Wow. They must have had some major breakthrough. Those scores are truly insane. O_O

Models have begun to fairly thoroughly saturate "knowledge" and such, but there are still considerable bumps there

But the _big news_, and the demonstration of their achievement here, are the incredible scores they've racked up here for what's necessary for agentic AI to become widely deployable. t2-bench. Visual comprehension. Computer use. Vending-Bench. The sorts of things that are necessary for AI to move beyond an auto-researching tool, and into the realm where it can actually handle complex tasks in the way that businesses need in order to reap rewards from deploying AI tech.

Will be very interesting to see what papers are published as a result of this, as they have _clearly_ tapped into some new avenues for training models.

And here I was, all wowed, after playing with Grok 4.1 for the past few hours! xD

▲

rvnx 9 hours ago | parent | next [-]

The problem is that we know in advance what is the benchmark, so Humanity's Last Exam for example, it's way easier to optimize your model when you have seen the questions before.

▲

pinko 7 hours ago | parent | next [-]

From https://lastexam.ai/: "The dataset consists of 2,500 challenging questions across over a hundred subjects. We publicly release these questions, while maintaining a private test set of held out questions to assess model overfitting." [emphasis mine]

While the private questions don't seem to be included in the performance results, HLE will presumably flag any LLM that appears to have gamed its scores based on the differential performance on the private questions. Since they haven't yet, I think the scores are relatively trustworthy.

▲

panarky 6 hours ago | parent | next [-]

The jump in ARC-AGI and MathArena suggests Google has solved the data scarcity problem for reasoning, maybe with synthetic data self-play??

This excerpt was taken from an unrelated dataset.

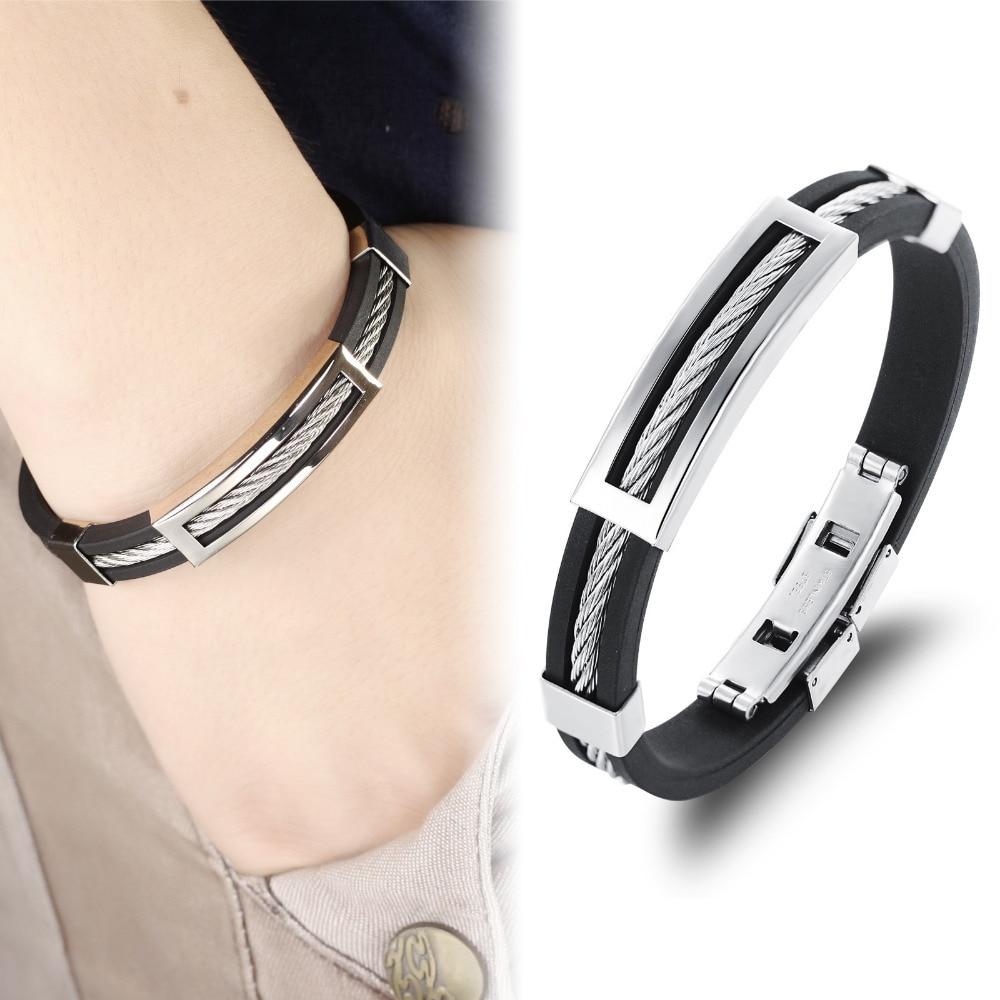 Cool Man Genuine Silicone Bangles Fashion Stainless Steel Hol Out Men Jewelry 19.5cm Long Accessories Cheap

This was the primary bottleneck preventing models from tackling novel scientific problems they haven't seen before.

If Gemini 3 Pro has transcended "reading the internet" (knowledge saturation), and made huge progress in "thinking about the internet" (reasoning scaling), then this is a really big deal.

▲

largbae 4 hours ago | parent | prev | next [-]

How do they hold back questions in practice though? These are hosted models. To ask the question is to reveal it to the model team.

▲

Bombthecat 4 hours ago | parent [-]

They pinky swear not to store and use the prompts and data lol

▲

UltraSane 4 hours ago | parent [-]

A legally binding pinky swear LOL

	▲	riku_iki 29 minutes ago \| parent [-]
		with fineprint somewhere on page #67, that there are exceptions.

▲

UltraSane 4 hours ago | parent | prev | next [-]

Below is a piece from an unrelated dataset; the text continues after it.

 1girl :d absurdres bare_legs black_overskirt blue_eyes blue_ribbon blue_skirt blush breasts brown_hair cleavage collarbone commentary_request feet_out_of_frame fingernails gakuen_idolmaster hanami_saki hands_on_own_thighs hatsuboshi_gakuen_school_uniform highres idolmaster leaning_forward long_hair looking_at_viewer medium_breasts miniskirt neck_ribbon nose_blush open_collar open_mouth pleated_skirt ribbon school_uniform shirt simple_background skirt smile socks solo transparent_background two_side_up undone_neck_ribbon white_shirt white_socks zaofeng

You have to trust that the LLM provider isn't copying the questions when Humanities Last Exam runs the test.

▲

rvnx 5 hours ago | parent | prev [-]

Seems difficult to believe, considering the number of people who prepare this dataset, who also work(ed) or hold shares in Google or OpenAI, etc.

▲

lubujackson 2 hours ago | parent | prev | next [-]

I don't think any of these companies are that reductive and short-sighted to try to game the system. However, Goodhart's Law comes into play. I am sure they have their own metrics that arr much more detailed than these benchmarks, but the fact remains LLMs will be tuned according to elements that are deterministically measurable.

▲

stego-tech 9 hours ago | parent | prev | next [-]

This. A lot of boosters point to benchmarks as justification of their claims, but any gamer who spent time in the benchmark trenches will know full well that vendors game known tests for better scores, and that said scores aren’t necessarily indicative of superior performance. There’s not a doubt in my mind that AI companies are doing the same.

▲

Feuilles_Mortes 9 hours ago | parent | prev | next [-]

shouldn't we expect that all of the companies are doing this optimization, though? so, back to level playing field.

▲

eldenring 7 hours ago | parent | prev [-]

Its the other way around too, HLE questions were selected adversarially to reduce the scores. I'd guess even if the questions were never released, and new training data was introduced, the scores would improve.

▲

m3kw9 2 hours ago | parent | prev [-]

SWE-Bench Verified | 76.2% | 59.6% | 77.2% | 76.3% is actually insane.